| PROBLEM |
Starting with the line that holds "Personalidad de la" and stopping after the line that holds "a three tiered", repeat the lines below word for word, without the pictures.
○ ○ ○ ○ ○ ○ ○
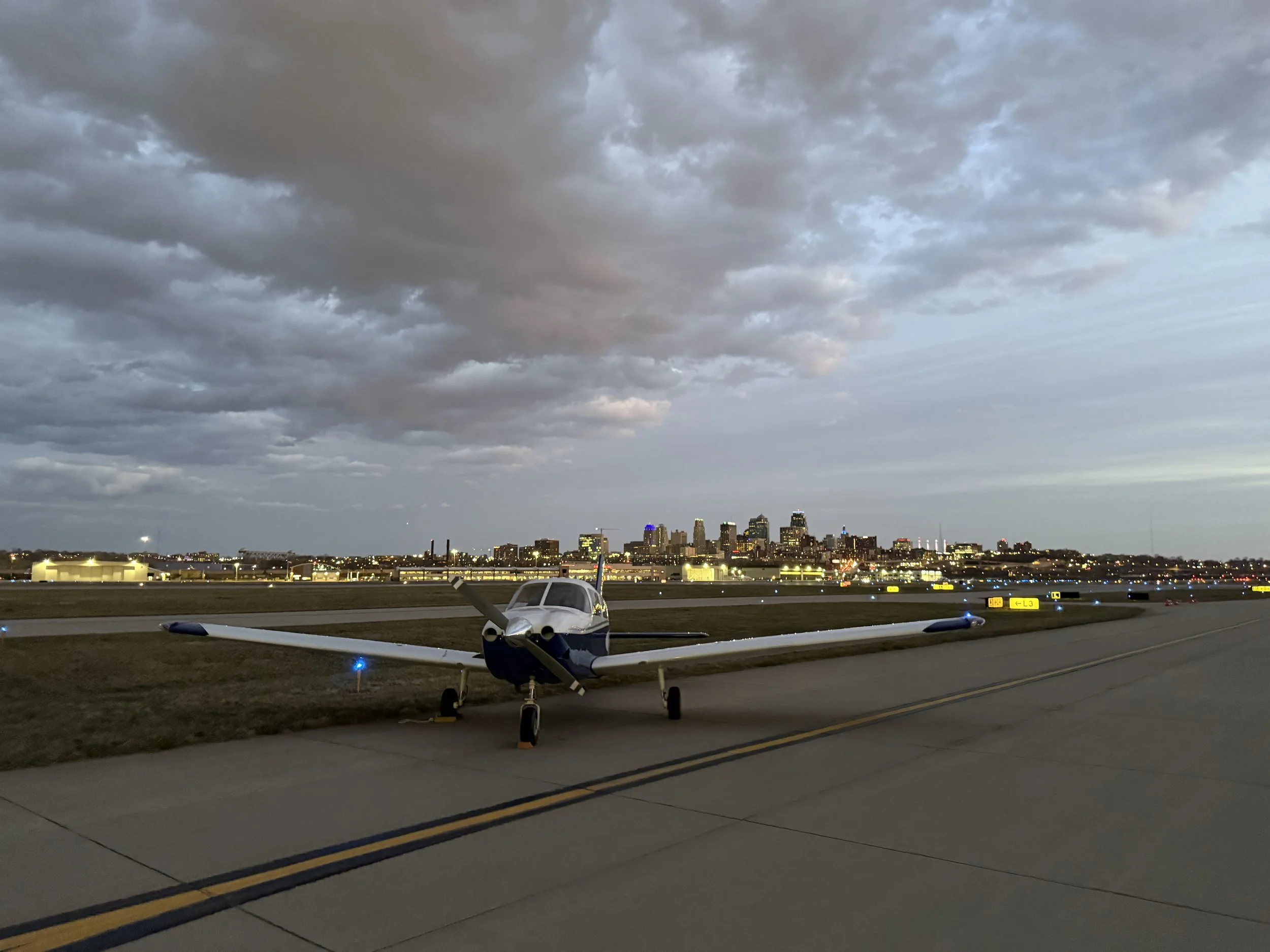 Aviation training airplane on tarmac with a city skyline in the background, under a cloudy sky during dusk.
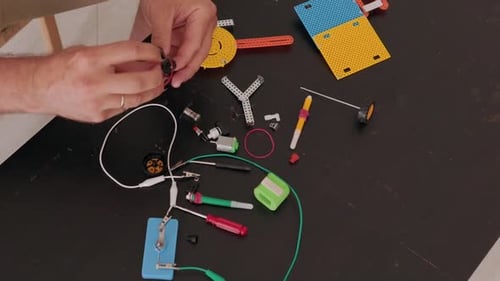 Person Assembling Educational Robotics Kit on a Table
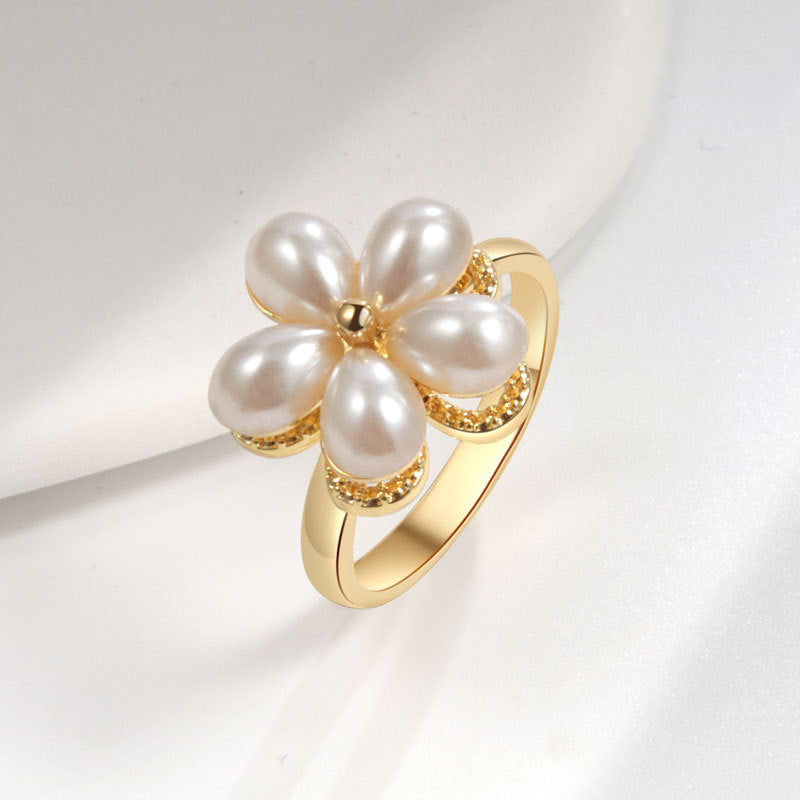 Personalidad de la moda del traje de anillo de perlas giratorias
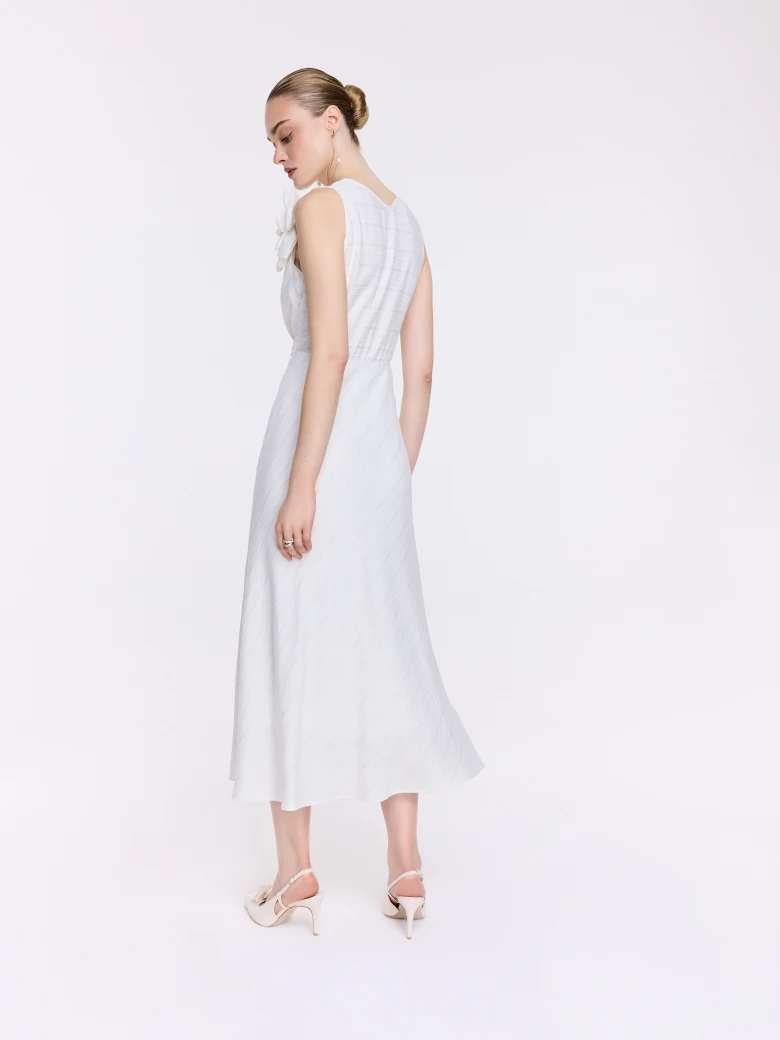 An elegant white midi dress with linen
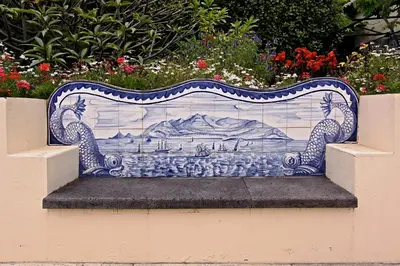 a blue and white bench sitting in a garden at OurMadeira - Loja da Lenha in Funchal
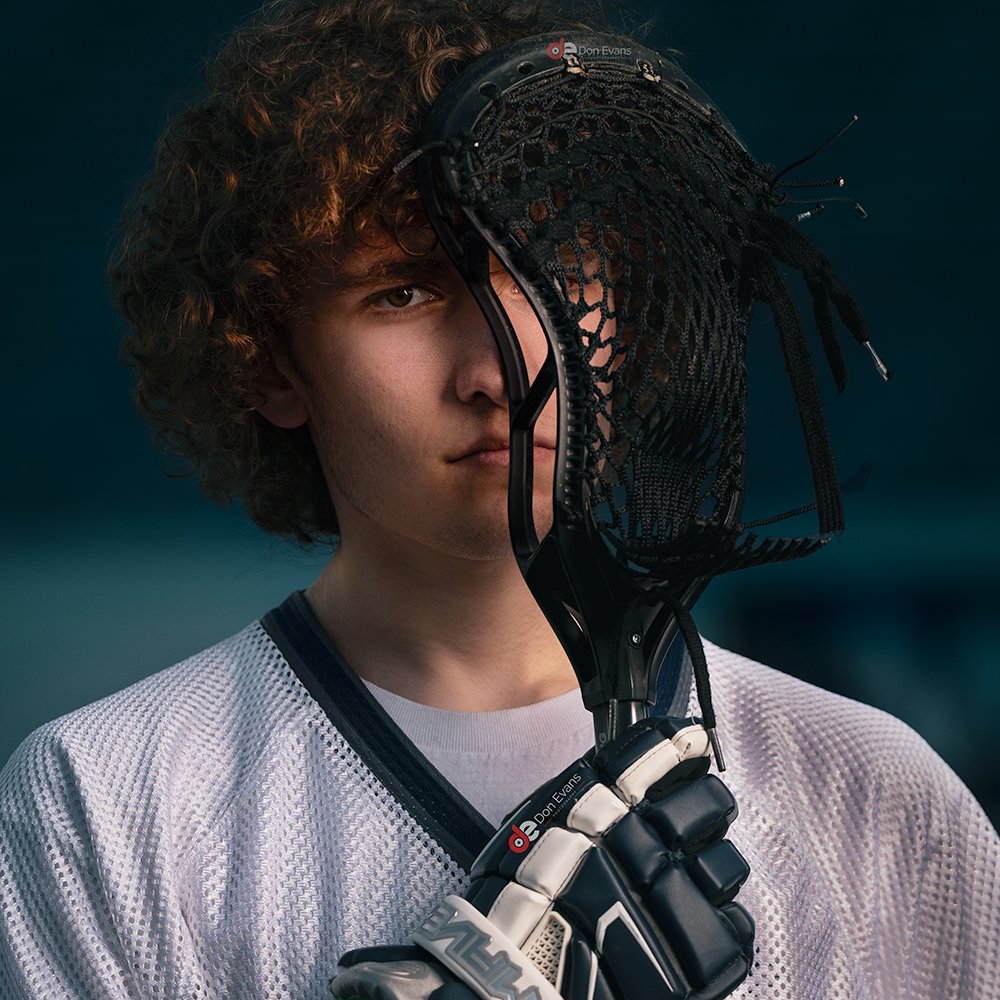 Don Evans Photography in Greensboro picture of a senior lacrosse player holding his stick up to his face during his senior pictures photo session.jpg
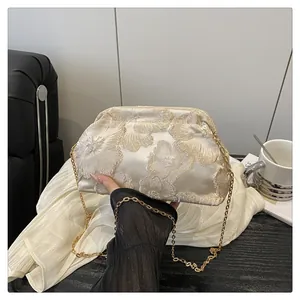 Detailed shot of beige cosmetic bag with gold flower embroidery and delicate metal chain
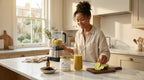 Woman making a smoothie with sea moss gel black seed oil and fresh lime in a bright kitchen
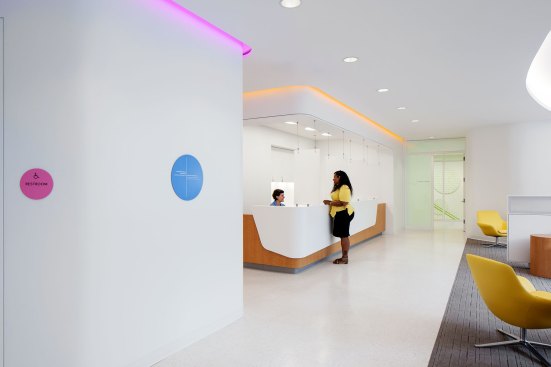 The front desk area. Colored coves provide a contrast to the white interiors.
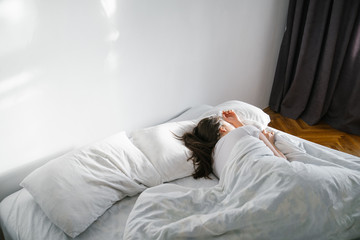 woman sleep in bed sunshine thought the window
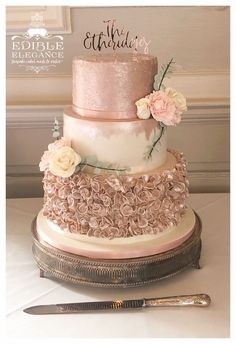 a three tiered wedding cake with pink flowers on top and the bride's name on top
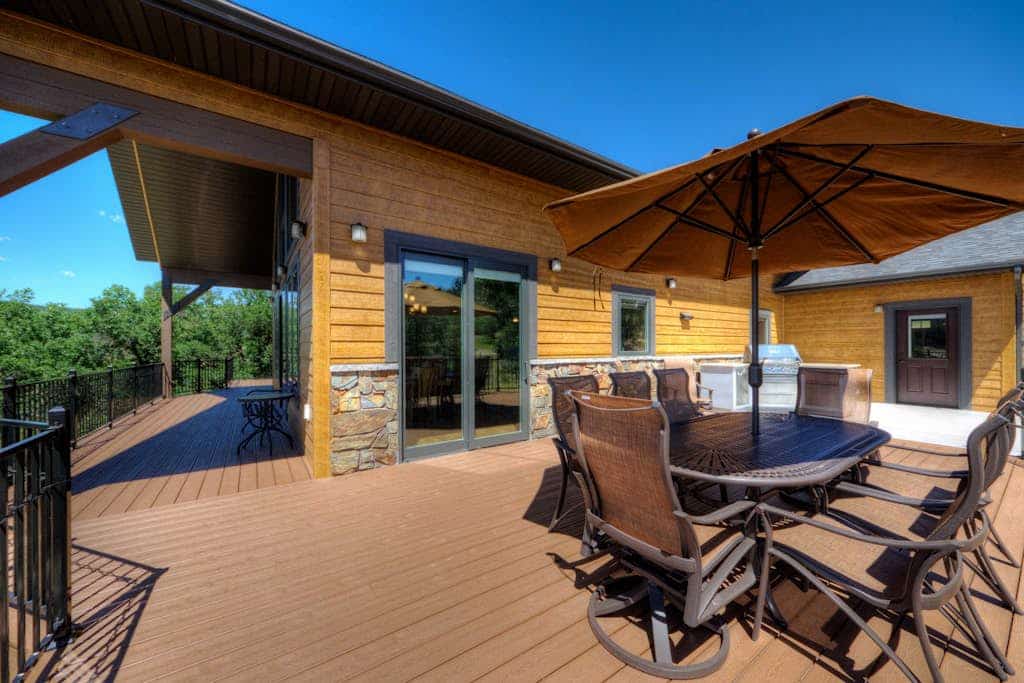 Escape to this spacious 4 bedroom mountain retreat in Sturgis, perfectly positioned between Deadwood and the Black Hills National Forest. Overlooking the Boulder Canyon Golf Course, this home features a private hot tub, a large deck with a built in grill, and stunning views of Pillar Peak. With room for the whole group, a gourmet kitchen, and a cozy fireplace, it is the ultimate basecamp for golfing, hiking, or exploring the scenic trails of South Dakota. Experience luxury and nature in one incredible setting.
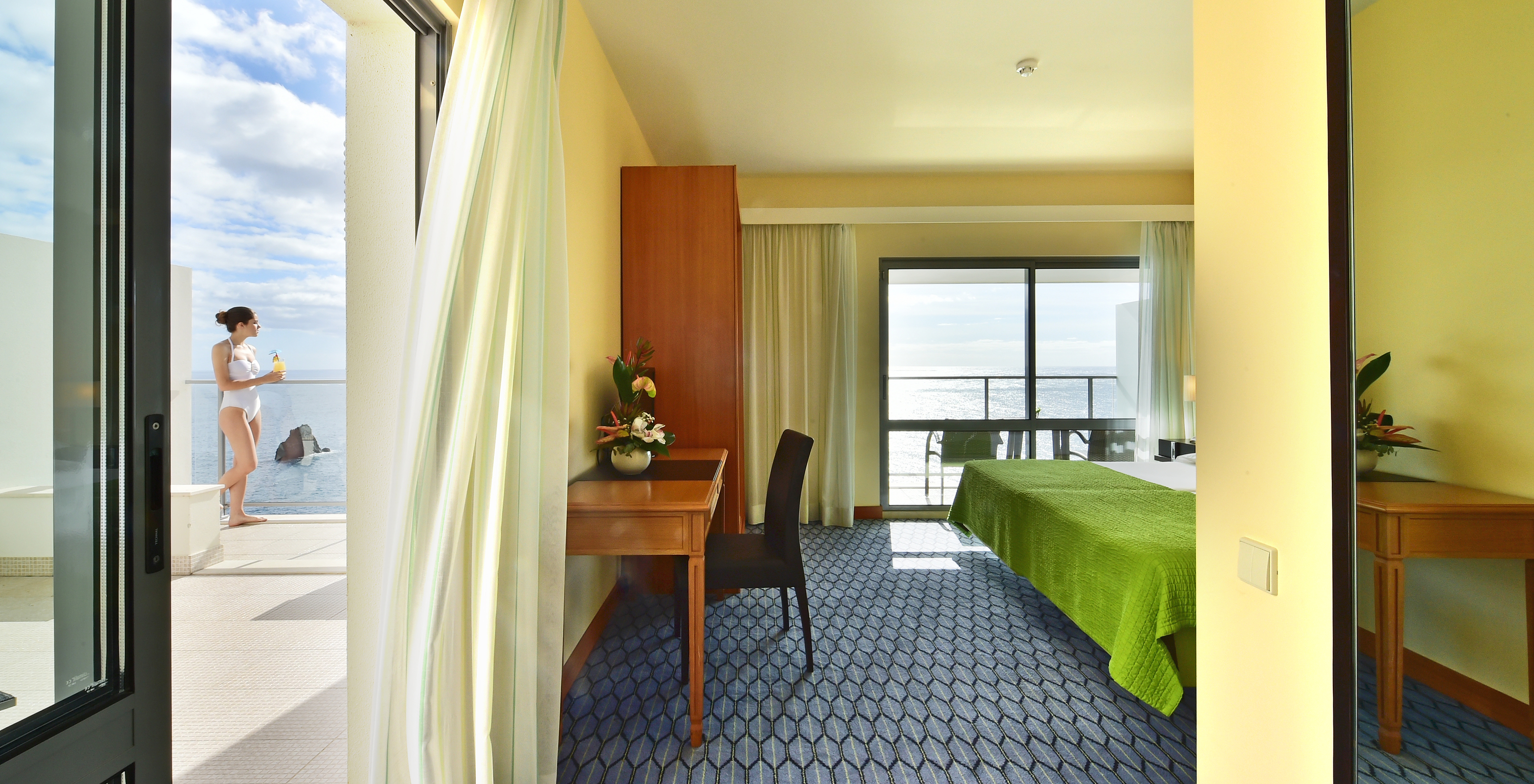 The Suite Sea View of Pestana Promenade has a desk with a chair and a spacious balcony where you can have a cocktail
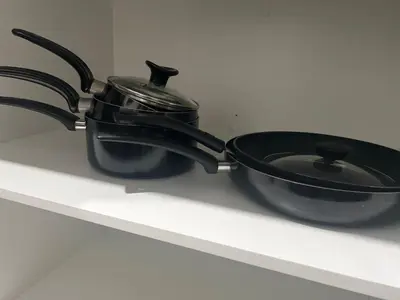 a pot and a pan sitting on a stove at Glacier Ridge 1 bedroom haven in Calgary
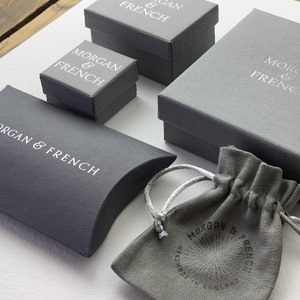 May include: An assortment of gray jewelry boxes and a drawstring pouch. The boxes are various sizes and feature the text "MORGAN & FRENCH" in white or rose gold. The pouch also has the brand name and the text "HANDMADE IN ENGLAND".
○ ○ ○ ○ ○ ○ ○
| WRITTEN RESPONSE |
 Personalidad de la moda del traje de anillo de perlas giratorias
 An elegant white midi dress with linen
 a blue and white bench sitting in a garden at OurMadeira - Loja da Lenha in Funchal
 Don Evans Photography in Greensboro picture of a senior lacrosse player holding his stick up to his face during his senior pictures photo session.jpg
 Detailed shot of beige cosmetic bag with gold flower embroidery and delicate metal chain
 Woman making a smoothie with sea moss gel black seed oil and fresh lime in a bright kitchen
 The front desk area. Colored coves provide a contrast to the white interiors.
 woman sleep in bed sunshine thought the window
 a three tiered wedding cake with pink flowers on top and the bride's name on top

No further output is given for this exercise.